If defining an inline tag which includes an opening and closing pair such as <b></b> or <span></span>, segmentation will include the text included within the tags.

For example:

Defining the sentence delimiter [TAG:b], the segmentation will look like

 

Consume following newline

By default, this option is selected, meaning that newline characters are part of the segmented localizable strings. The sentence delimiter consumes any following new line characters. It cleverly also takes in spaces if present.

 

Take the following XML example:

<element>The cat is black.

He is sleeping on the chair.  

He slept for two hours already!   

</element>

Using Consume following newline, when inserting the file in a CATALYST project, the string list View will look like the following. The newline characters are consumed if following the sentence delimiter.

  • The cat is black.
  • He is sleeping on the chair.
  • He slept for two hours already!   

while deselecting Consume following newline, the string list View will show the following. Where the newline characters are not consumed and are thus the start of the next segment.

  • The cat is black.

  • He is sleeping on the chair.


  • He slept for two hours already!   

This offers control over the way you want to parse newlines. For instance, when you want to have segments ending whenever there is a carriage return in the paragraph. Add [RETURN] to the Sentence delimiter list and deselect to Consume following newline option. Using the same example, this will result in:

  • The cat is black.
  • He is sleeping on the chair.
  • He slept for two hours already!   

while consuming the following newline the results would be again:

  • The cat is black.
  • He is sleeping on the chair.
  • He slept for two hours already!   

 

Handling Segmentation Exceptions

Abbreviated words or anagrams may occasionally cause the segmentation engine to misinterpret a sentence boundary. This can be avoided by specifying any sequence of characters that are to be ignored when applying segmentation rules.

In the same way specific syntax can be entered to trigger a segmentation, syntax can be entered in the exception list to avoid the segmentation.

 

Joining Segmented strings in your project

For files which have been segmented on insertion in the project, selecting a segmented string in the project workspace window will also highlight (in yellow) its associated segments.
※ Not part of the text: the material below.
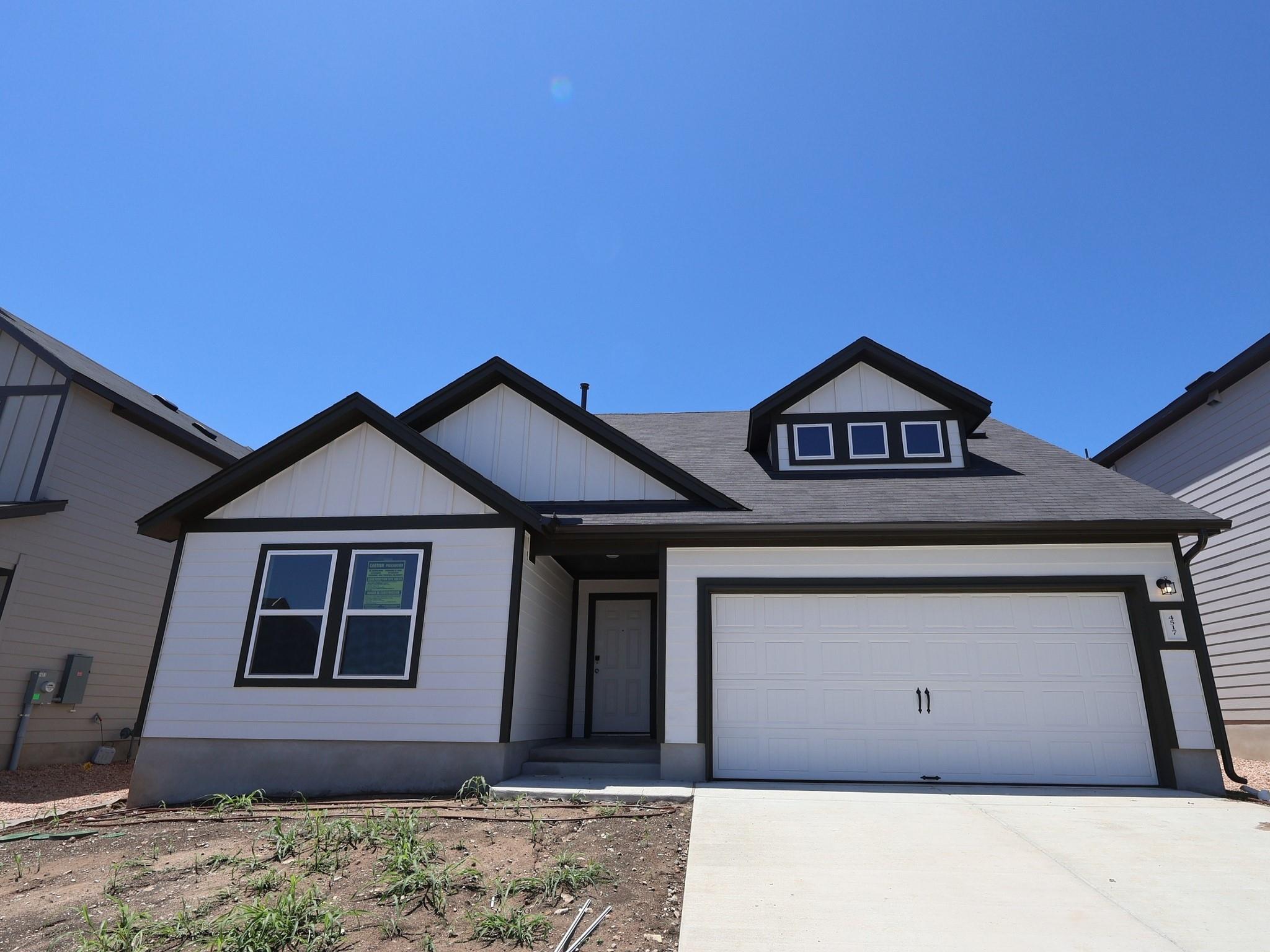 A newly built residence with sharp lines and a cr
In other words, you see all the segments part of the original parsed string. This segments highlight can be turned off or its color changed in the settings: HOME > Settings > Colors

In the following example, the selected segment (in blue) is part of a paragraph which has been segmented into 2 segments. The MARK-UP column is another indication of the segmentation applied with the opening tag on the first segment and the closing tag on the second.

Right click on a segmented string to access the context menu and either Join with the next segment or Join all segments.

In the following example, right clicking the selected segment offers the option to Join with the following segment. Should the second and third segments need to be joined instead, you should select the second segment, right-click and select to Join next segment.

This ability to Join Segments is only available for untranslated segments.

 

If a segment is translated, it is assumed you no longer need to Join the segments.

 

Splitting strings in your project

If needing to split a string into 2 or more segments, in other words manually segmenting a string, select the desired string and place the cursor in the translation field where you wish to split the segment, Right-click and select to Split segment.

 

Once split, the string is now 2 segments in the string list.

This can be repeated any number of times, splitting segments which have already been split.

To revert the split, select either of the segment, right-click and select Join All Segments.

 

This ability to Split Segments is only available for untranslated strings.

 

If a string is translated, it is assumed you no longer need to Split into segments.

 

 

Paragraph Based Segmentation

In this mode, Alchemy CATALYST will ignore sentence boundaries and store complete paragraph objects in its TM. This may be useful when aligning two translations that have significant differences in structure and format.